EXERCISE ->
From the entries that follow, reproduce exactly and only the lines from the line with "14k White Gold 1/8 CTW Diamond Band, Size 7" to the line with "Logo created from", endpoints included.

Short descriptive text snippets:
------------------------------------

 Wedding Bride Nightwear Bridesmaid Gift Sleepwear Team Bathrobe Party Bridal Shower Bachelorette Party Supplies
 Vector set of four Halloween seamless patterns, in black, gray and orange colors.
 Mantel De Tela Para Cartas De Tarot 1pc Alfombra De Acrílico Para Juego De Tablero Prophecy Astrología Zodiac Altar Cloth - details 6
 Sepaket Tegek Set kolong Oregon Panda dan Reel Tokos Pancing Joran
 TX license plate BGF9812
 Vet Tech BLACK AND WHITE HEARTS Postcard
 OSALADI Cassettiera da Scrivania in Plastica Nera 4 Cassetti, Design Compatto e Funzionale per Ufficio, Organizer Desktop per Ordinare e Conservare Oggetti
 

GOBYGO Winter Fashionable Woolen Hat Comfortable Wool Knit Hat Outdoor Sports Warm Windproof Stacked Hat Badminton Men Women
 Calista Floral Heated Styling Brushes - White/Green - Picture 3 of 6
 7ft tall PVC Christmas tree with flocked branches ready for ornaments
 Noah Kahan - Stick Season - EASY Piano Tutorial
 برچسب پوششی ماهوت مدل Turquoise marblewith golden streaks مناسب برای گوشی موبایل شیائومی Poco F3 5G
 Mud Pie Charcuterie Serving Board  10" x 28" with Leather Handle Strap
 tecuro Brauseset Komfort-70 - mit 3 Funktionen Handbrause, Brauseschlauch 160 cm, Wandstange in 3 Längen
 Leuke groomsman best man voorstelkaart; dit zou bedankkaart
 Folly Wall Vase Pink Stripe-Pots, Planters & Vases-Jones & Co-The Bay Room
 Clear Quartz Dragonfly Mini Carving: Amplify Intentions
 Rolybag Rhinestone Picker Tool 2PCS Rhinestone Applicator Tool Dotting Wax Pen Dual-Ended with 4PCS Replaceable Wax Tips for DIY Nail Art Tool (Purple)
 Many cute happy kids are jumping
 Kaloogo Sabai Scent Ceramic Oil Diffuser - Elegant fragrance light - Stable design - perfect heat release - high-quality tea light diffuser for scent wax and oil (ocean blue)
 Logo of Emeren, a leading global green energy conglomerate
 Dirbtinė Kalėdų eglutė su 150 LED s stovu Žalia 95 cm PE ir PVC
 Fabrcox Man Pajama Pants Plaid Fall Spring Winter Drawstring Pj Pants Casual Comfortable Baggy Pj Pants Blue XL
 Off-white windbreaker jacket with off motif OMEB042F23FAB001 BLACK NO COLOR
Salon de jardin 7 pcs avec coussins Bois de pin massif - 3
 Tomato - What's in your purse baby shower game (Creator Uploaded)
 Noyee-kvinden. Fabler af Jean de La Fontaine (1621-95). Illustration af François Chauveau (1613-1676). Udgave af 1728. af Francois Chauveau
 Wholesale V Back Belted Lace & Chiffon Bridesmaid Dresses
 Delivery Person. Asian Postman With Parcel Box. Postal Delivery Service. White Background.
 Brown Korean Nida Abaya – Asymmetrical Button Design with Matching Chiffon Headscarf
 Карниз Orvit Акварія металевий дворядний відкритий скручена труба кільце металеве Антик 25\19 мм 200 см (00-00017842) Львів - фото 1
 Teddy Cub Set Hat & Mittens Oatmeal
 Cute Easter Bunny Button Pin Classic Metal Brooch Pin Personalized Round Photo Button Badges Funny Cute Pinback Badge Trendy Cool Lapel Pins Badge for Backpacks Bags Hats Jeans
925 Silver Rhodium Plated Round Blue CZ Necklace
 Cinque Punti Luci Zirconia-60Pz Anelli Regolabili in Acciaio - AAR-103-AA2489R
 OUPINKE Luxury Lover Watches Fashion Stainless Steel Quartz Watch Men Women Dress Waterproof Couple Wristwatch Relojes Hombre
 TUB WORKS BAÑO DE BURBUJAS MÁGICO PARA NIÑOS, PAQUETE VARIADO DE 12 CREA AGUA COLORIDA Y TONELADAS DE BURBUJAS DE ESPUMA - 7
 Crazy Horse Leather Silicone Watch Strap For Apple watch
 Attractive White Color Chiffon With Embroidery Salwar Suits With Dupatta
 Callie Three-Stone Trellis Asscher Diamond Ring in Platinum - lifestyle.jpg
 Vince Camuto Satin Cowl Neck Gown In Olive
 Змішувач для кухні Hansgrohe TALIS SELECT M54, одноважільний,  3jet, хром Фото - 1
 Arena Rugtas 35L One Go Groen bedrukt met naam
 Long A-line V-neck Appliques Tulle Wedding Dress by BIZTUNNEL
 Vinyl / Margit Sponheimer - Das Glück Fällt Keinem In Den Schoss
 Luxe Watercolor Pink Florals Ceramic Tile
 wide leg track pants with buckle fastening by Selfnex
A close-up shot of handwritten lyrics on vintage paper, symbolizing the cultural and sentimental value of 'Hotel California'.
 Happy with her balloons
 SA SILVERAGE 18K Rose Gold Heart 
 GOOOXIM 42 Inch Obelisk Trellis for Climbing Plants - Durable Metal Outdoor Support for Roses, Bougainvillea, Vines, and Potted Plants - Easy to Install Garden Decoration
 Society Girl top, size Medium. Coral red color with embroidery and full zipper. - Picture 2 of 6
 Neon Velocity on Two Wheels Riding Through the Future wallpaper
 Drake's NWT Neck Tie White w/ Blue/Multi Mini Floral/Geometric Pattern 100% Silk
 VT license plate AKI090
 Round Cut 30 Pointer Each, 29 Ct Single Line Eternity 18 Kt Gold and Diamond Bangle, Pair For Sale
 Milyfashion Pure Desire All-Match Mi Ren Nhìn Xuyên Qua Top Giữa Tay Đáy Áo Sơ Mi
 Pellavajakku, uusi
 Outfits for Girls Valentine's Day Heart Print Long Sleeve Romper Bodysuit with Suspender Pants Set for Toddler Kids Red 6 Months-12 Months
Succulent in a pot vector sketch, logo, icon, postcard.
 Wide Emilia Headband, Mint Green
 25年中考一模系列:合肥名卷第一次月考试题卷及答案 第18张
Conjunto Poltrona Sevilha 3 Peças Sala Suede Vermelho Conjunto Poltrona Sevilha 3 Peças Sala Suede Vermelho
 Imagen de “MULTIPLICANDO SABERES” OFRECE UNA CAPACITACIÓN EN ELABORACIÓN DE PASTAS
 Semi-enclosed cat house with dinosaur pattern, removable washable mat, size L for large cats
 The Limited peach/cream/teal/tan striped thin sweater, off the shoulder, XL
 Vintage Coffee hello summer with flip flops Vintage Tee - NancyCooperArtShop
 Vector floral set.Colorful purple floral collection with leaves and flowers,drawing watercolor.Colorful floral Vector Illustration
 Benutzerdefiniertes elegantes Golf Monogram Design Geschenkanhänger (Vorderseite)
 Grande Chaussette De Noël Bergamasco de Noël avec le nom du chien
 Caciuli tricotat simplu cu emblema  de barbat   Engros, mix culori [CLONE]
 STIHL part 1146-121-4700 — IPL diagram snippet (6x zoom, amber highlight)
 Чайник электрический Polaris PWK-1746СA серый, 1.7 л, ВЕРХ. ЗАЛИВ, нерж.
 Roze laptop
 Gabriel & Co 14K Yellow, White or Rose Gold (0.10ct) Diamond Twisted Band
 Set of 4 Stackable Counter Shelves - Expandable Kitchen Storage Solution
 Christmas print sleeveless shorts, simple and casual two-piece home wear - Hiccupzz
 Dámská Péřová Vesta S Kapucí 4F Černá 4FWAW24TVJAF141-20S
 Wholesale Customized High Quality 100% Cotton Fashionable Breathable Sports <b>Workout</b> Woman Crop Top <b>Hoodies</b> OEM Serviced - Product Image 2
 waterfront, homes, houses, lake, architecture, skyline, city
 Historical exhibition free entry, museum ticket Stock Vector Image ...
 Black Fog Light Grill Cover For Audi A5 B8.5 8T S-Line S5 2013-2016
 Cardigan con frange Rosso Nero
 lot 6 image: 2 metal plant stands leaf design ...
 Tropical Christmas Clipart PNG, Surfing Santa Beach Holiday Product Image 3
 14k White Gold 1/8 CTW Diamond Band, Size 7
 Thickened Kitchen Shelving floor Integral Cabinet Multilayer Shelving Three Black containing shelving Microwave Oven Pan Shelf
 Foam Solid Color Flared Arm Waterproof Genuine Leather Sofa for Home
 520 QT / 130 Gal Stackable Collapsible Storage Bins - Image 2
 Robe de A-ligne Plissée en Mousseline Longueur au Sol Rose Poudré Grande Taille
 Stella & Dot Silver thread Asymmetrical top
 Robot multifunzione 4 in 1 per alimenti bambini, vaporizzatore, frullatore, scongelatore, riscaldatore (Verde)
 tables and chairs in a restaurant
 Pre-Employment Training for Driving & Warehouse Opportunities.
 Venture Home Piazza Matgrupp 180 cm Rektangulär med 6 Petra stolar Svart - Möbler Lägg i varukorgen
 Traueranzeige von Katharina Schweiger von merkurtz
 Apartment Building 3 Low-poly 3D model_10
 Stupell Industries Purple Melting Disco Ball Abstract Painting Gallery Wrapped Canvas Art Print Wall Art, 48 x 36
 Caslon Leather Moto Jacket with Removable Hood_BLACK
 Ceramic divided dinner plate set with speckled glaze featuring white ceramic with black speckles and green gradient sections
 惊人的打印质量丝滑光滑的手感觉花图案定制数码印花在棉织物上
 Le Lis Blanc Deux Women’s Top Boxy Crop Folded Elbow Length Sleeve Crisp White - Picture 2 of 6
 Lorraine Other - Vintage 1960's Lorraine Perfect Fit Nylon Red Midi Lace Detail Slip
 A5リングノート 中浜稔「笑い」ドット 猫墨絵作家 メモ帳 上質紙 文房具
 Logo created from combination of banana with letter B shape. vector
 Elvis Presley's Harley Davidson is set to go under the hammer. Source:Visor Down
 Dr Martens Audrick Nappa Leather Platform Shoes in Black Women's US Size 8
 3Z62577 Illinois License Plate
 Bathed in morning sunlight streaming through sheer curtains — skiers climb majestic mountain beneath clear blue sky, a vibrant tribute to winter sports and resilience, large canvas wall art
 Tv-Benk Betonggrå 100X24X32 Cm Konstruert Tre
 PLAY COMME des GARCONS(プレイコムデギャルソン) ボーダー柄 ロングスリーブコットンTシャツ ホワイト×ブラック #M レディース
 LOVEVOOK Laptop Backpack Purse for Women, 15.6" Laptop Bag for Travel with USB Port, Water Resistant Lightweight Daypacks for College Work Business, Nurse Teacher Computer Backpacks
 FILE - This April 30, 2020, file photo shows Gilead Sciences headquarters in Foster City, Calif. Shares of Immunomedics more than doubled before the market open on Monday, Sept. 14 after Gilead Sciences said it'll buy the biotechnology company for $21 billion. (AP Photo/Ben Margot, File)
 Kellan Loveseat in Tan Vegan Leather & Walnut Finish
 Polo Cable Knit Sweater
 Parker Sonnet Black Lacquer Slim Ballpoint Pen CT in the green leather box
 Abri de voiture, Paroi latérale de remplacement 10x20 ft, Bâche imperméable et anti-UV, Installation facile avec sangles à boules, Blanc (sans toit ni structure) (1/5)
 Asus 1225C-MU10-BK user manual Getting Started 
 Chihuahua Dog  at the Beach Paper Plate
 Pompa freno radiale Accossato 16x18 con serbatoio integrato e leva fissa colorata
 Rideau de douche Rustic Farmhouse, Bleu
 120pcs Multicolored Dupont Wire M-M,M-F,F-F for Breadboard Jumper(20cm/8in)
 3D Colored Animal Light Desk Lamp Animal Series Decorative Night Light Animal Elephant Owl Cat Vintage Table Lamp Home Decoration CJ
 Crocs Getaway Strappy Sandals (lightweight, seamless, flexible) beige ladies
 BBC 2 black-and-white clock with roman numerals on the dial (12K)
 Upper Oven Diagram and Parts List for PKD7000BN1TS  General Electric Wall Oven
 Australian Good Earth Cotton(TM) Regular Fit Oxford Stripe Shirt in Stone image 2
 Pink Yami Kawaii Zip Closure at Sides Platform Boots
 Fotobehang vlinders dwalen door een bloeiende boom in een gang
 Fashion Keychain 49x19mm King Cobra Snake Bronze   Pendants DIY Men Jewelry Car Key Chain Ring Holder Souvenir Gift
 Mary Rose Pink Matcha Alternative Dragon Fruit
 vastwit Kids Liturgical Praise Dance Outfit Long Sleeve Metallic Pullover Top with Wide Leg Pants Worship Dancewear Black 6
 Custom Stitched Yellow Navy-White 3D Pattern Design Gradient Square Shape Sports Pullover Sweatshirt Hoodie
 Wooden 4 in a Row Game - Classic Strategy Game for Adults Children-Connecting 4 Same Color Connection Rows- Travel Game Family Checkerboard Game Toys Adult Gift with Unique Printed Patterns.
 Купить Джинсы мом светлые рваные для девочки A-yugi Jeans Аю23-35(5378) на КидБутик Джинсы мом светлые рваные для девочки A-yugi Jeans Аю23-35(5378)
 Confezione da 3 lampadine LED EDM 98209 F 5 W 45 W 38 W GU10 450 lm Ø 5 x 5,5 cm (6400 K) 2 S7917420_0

------------------------------------

SOLUTION FOR THIS EXERCISE ->
 14k White Gold 1/8 CTW Diamond Band, Size 7
 Thickened Kitchen Shelving floor Integral Cabinet Multilayer Shelving Three Black containing shelving Microwave Oven Pan Shelf
 Foam Solid Color Flared Arm Waterproof Genuine Leather Sofa for Home
 520 QT / 130 Gal Stackable Collapsible Storage Bins - Image 2
 Robe de A-ligne Plissée en Mousseline Longueur au Sol Rose Poudré Grande Taille
 Stella & Dot Silver thread Asymmetrical top
 Robot multifunzione 4 in 1 per alimenti bambini, vaporizzatore, frullatore, scongelatore, riscaldatore (Verde)
 tables and chairs in a restaurant
 Pre-Employment Training for Driving & Warehouse Opportunities.
 Venture Home Piazza Matgrupp 180 cm Rektangulär med 6 Petra stolar Svart - Möbler Lägg i varukorgen
 Traueranzeige von Katharina Schweiger von merkurtz
 Apartment Building 3 Low-poly 3D model_10
 Stupell Industries Purple Melting Disco Ball Abstract Painting Gallery Wrapped Canvas Art Print Wall Art, 48 x 36
 Caslon Leather Moto Jacket with Removable Hood_BLACK
 Ceramic divided dinner plate set with speckled glaze featuring white ceramic with black speckles and green gradient sections
 惊人的打印质量丝滑光滑的手感觉花图案定制数码印花在棉织物上
 Le Lis Blanc Deux Women’s Top Boxy Crop Folded Elbow Length Sleeve Crisp White - Picture 2 of 6
 Lorraine Other - Vintage 1960's Lorraine Perfect Fit Nylon Red Midi Lace Detail Slip
 A5リングノート 中浜稔「笑い」ドット 猫墨絵作家 メモ帳 上質紙 文房具
 Logo created from combination of banana with letter B shape. vector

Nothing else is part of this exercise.